If the $230 million development at Bayaud Avenue and Downing Street is not the most expensive apartment community ever built in Denver, you wouldn’t need fingers on both hands to count those that top it in price. You wouldn’t even need five fingers.
The community, designed by Solomon Cordwell Buenz, was developed and is owned by the Denver-based Broe Real Estate Group, whose headquarters in Cherry Creek North, is easily within the 5-minute arrival time. Swinerton Builders is the general contractor for the project that created about 3,000 construction jobs.
“What this makes this unique, from certainly any other project I have ever worked on, is for Pat Broe this a legacy effort,” said Armer, who moved to Denver from San Francisco two years ago.
“Pat and his family are going to own this forever,” Armer said. “It’s different having a family own a development than a merchant builder that just wants to build it as inexpensively as possible, lease-it up, sell it and get out.”
To that end, the Broe Group spent more money on everything from the high speed, destination elevators that whip you to your floor at 750 feet per minute and art ranging from photographs of endangered animals by Joel Sartore, founder of Photo Ark, to a sawtooth exterior design that allows floor-to-ceiling bay windows in each unit.
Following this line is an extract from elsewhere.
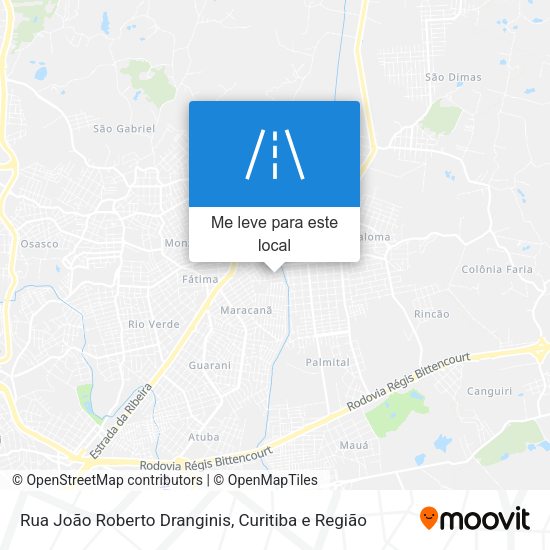 Rua João Roberto Dranginis mapa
“These are the worst views in the entire building,” Armer said about one ninth-floor unit, with panorama vistas of the mountains to the west and the Denver Country Club to the east, which other communities would die for.
“There really are no bad views,” he later added, an understatement, for sure.
He admitted that they made one mistake that they corrected in the spring.
“We were touring competitor’s projects and later we asked some women colleagues to join us,” he recalled.
The women, he said, were wowed by custom shelving in the closets.
“We were a bunch of guys and the cool closet feature went right by us. We should have had women from our office involved earlier and we did after that.
They also upgraded the closets.
And it’s not just the closets, but the high-quality finishes and thoughtful design, said Colleen Matthews, Development Project Coordinator at the Broe Real Estate Group.
“There is so much that is gorgeous here,” Matthews said.
Broe has left his fingerprints throughout the community.
“Pat is a big believer in the Malcolm Gladwell 7-second rule, so he spent money, whether is on art, or finishes that impress you, that wouldn’t make sense for most developers,” Armer said.
One example: Broe “found an antique scull someplace in California,” Armer said.
The 33-foot long boat was shipped in two pieces, one 22-feet long and the other 11, was re-assembled in Denver and now hangs from the in the state-of-the art, 4,800-sf health club area that is still under construction on the fifth floor.
“And I have a personal investment in the official-regulation bocce ball courts,” Armer added.
He bet Broe that the bocce ball courts will be a big hit with residents.
“What could be better than playing bocce ball and having beers with your friends on a nice day? What a great community feature.”
Some features residents will appreciate, but will not notice.
A prime example is the mail room. Getting packages in a big development is a big, logistical headache for all large apartment communities.
“We figured out how much space we needed and tripled it,” Armer told me.
So far, 136 of the 558 units have been pre-leased.
“I was hoping to get to 93 and I thought that was aggressive,” Armer said.
The average price per sf is $2.60 per sf. Studios start at about $1,600 per month, a 2-bedroom costs about $3,900 and the 10 penthouses would set you back about $5,400 to $6,800 each month. This is the mix of the unit at Country Club Towers:
- 52 studios, accounting for 9 percent of the total number of units, at an average units size of 621 sf;
- 298 1-bedroom, 1-bath units, 53 percent of the total units, at an average size of 763 sf;
- 194 2-bedroom, 2-bath units, 35 percent of the total units, at an average size of 1,177 sf;
- Six 2-bedroom, 2-bath and den units, 1 percent of the total units, at an average size of 1,631 sf;
- And six garden units, for 1 percent of the total number of units, at an average size of 935 sf.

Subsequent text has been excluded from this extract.